Search code examples
pythonzlibdeflate

zlib difference in size for level=0 between Python 3.9 and 3.10


In this code that uses zlib to encode some data, but with level=0 so it's not actually compressed:

import zlib

print('zlib.ZLIB_VERSION', zlib.ZLIB_VERSION)

total = 0
print('Total 1', total)
compress_obj = zlib.compressobj(level=0, memLevel=9, wbits=-zlib.MAX_WBITS)
total += len(compress_obj.compress(b'-' * 1000000))
print('Total 2', total)
total += len(compress_obj.flush())
print('Total 3', total)

Python 3.9.12 outputs

zlib.ZLIB_VERSION 1.2.12
Total 1 0
Total 2 983068
Total 3 1000080

but Python 3.10.6 (and Python 3.11.0) outputs

zlib.ZLIB_VERSION 1.2.13
Total 1 0
Total 2 1000080
Total 3 1000085

so both a different final size, and a different size along the way.

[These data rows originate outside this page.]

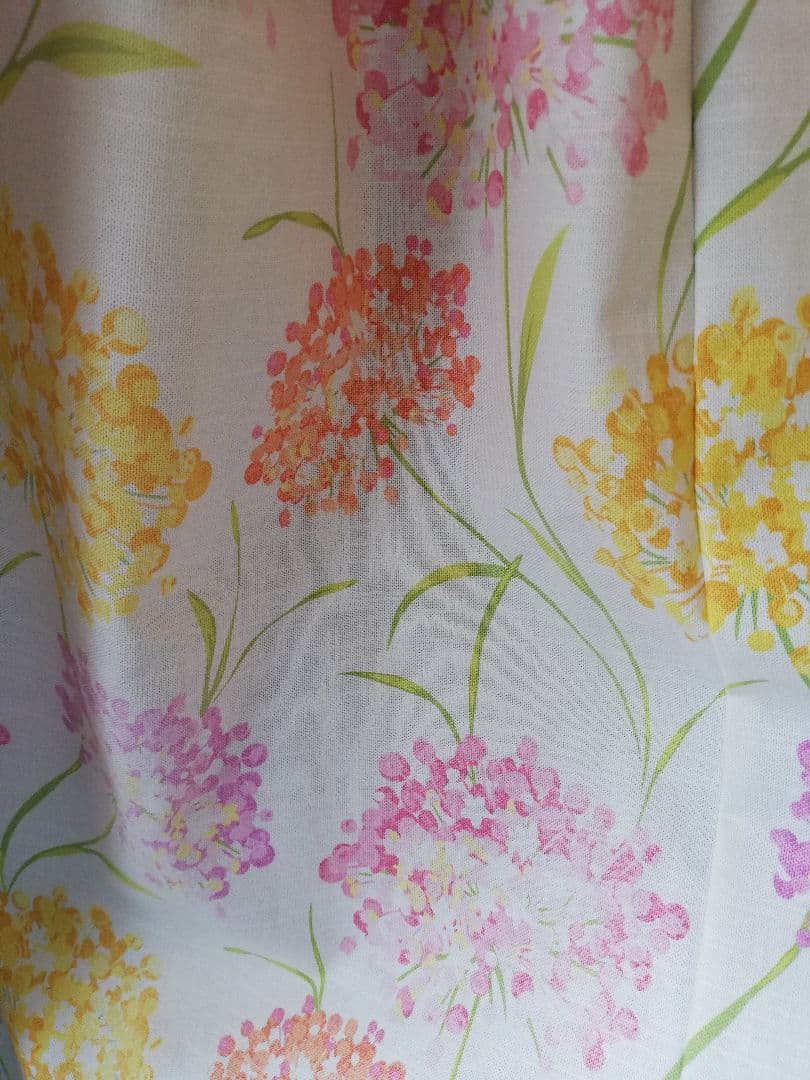 みえこ縦142.5×横104の2枚　ローラアシュレイ　 カーテン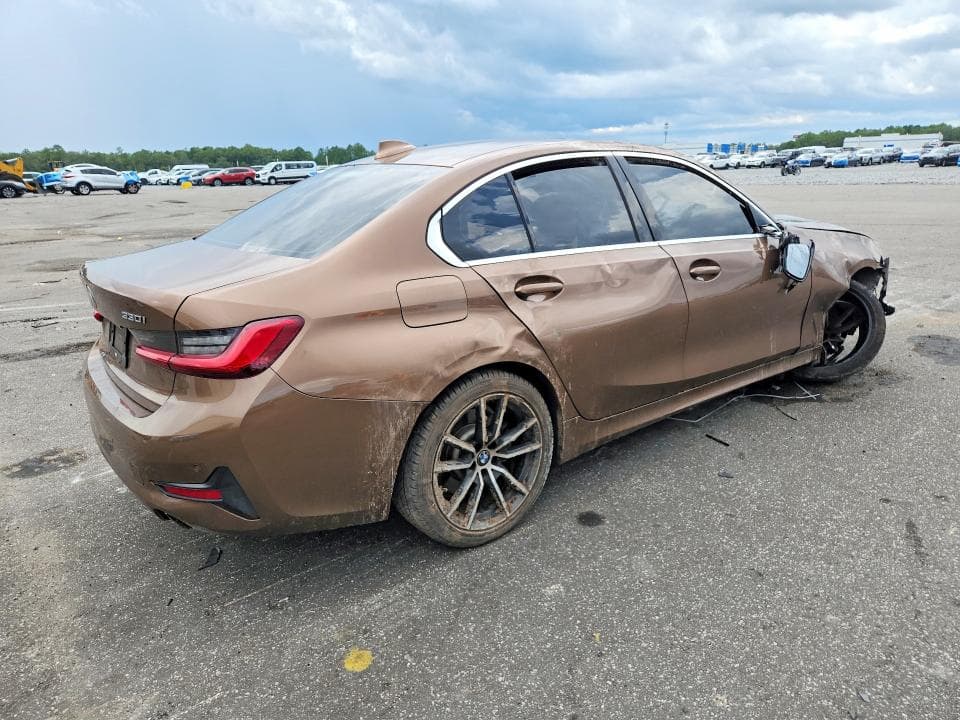 2019 BMW 330I 3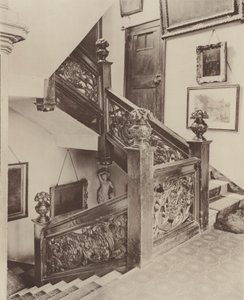 Casa in High Street, Guildford, la Scala da Charles Latham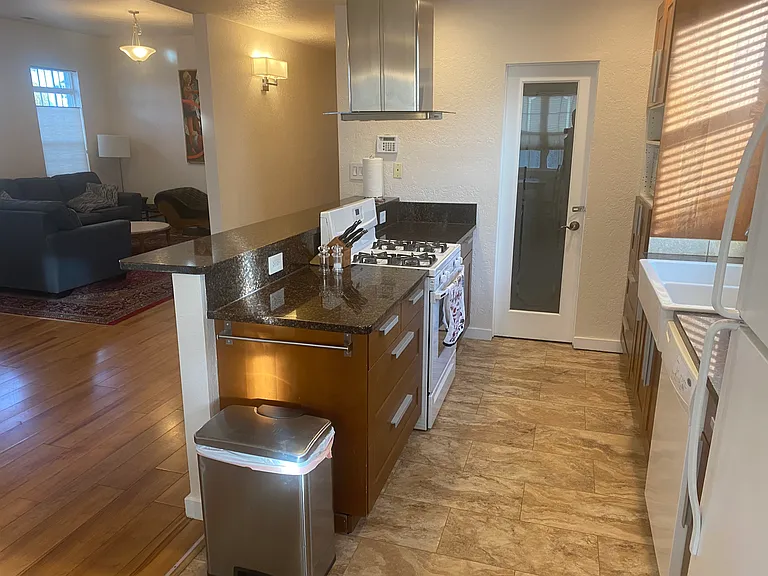 702 3rd St SW — Photo 23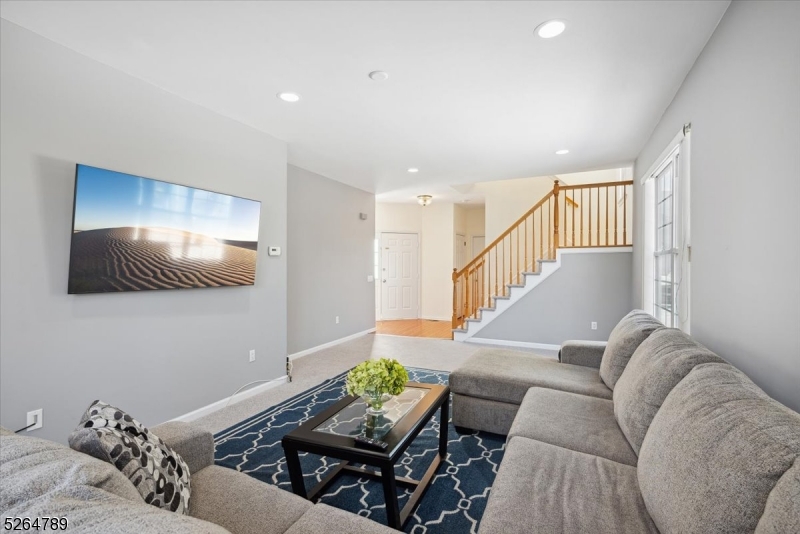 HUNTING  RIDGE - Residential Lease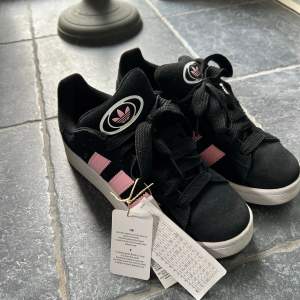 Aldrig använda svarta och rosa adidas campus skor. Köpta för drygt en månad sen.💕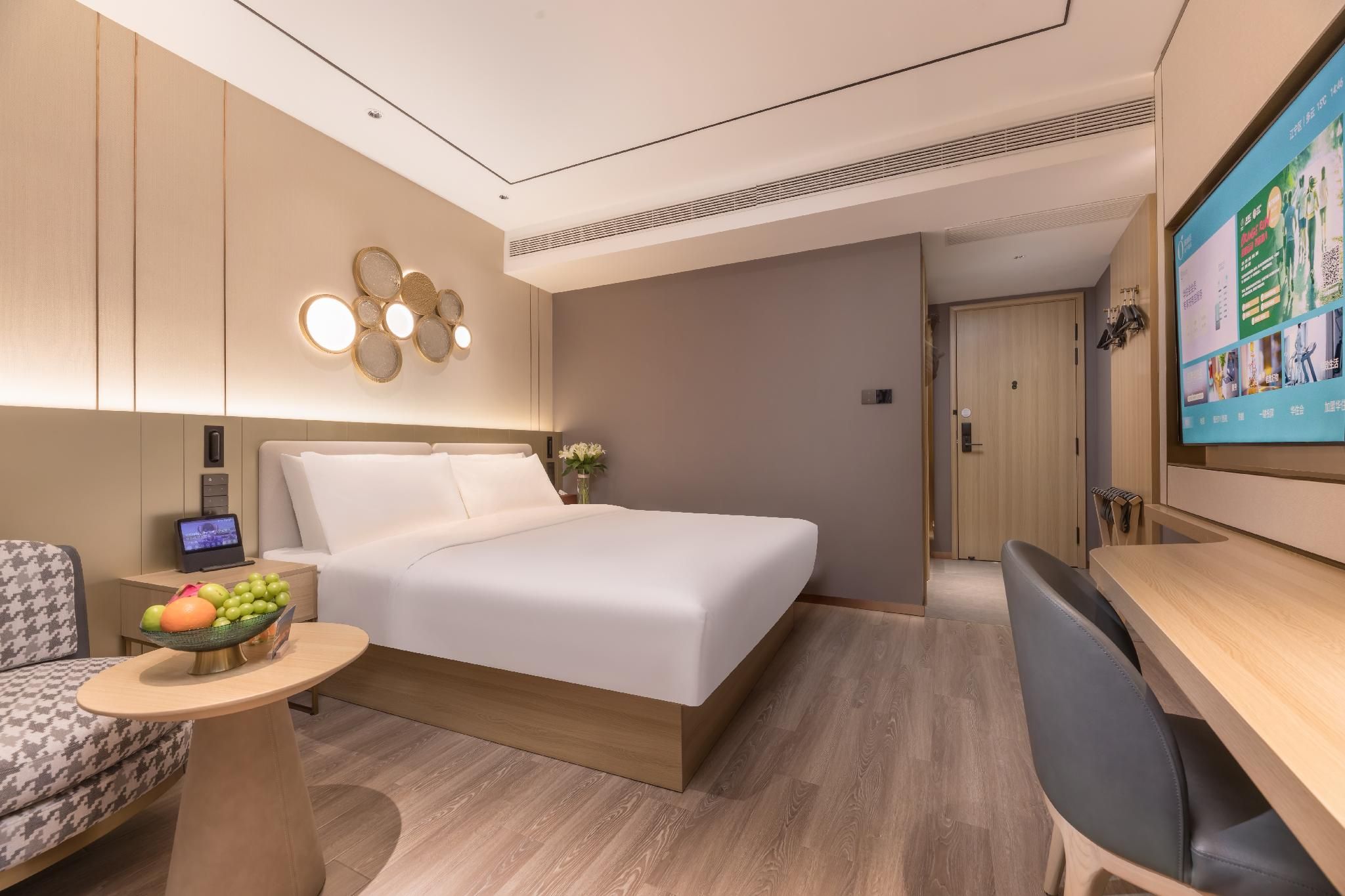 Huazhu - Yueruo Liujin Delxue Bed Room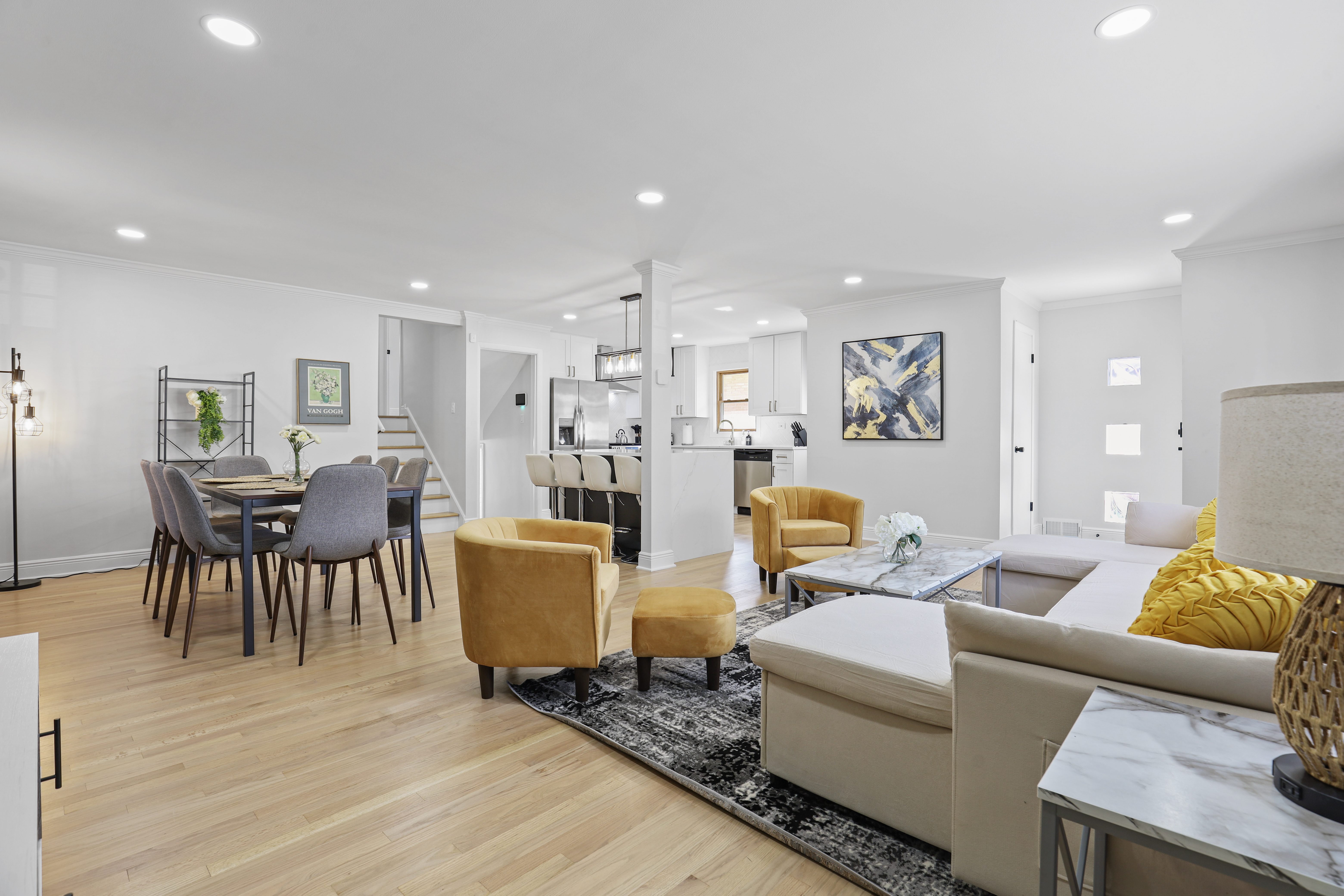 Fantastic: 3BR / 2 BTH - Modern & Stylish Home!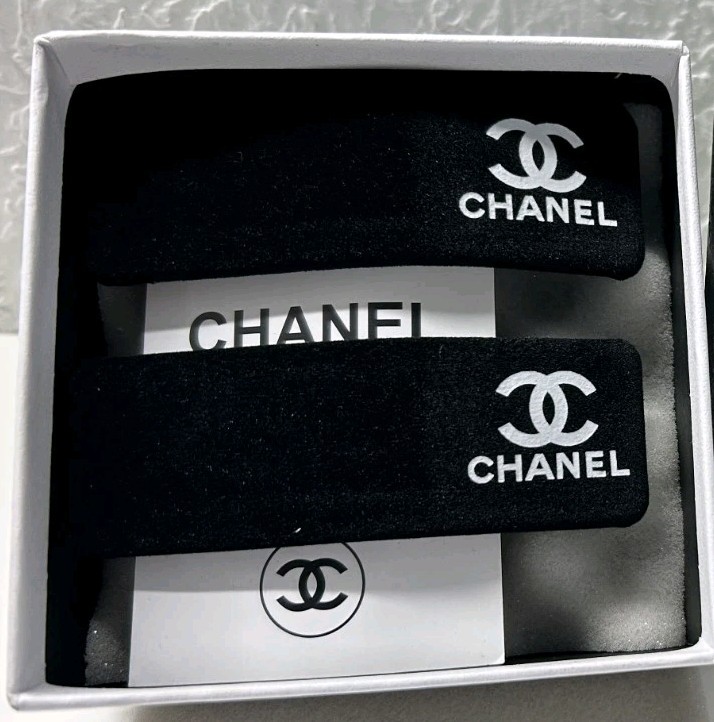 Chanel Beauté Hair Clip Set of 2 GWP Black Gold Logo New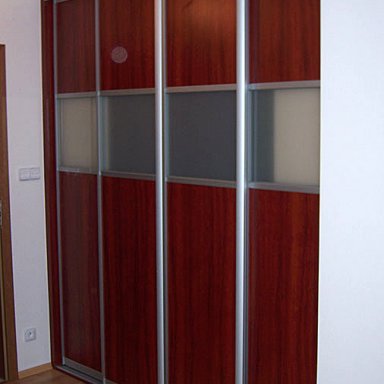 Vestavěná skříň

Why? And how can I get them to be identical? (I'm writing a library where I would prefer identical behaviour between Python versions)


Solution

  • zlib 1.2.12 and 1.2.13 behave identically in this regard. The Python library must be making different deflate() calls with different amounts of data, and possibly introducing a flush in the later version. You can look in the Python source code to find out.

    You should be able to force identical output if you feed smaller amounts of data to .compress() each time, e.g. less than 64K-1, and use .flush() after each. The output will be larger, but should be identical across versions.

    A quick look turned up this commit, which is likely the culprit.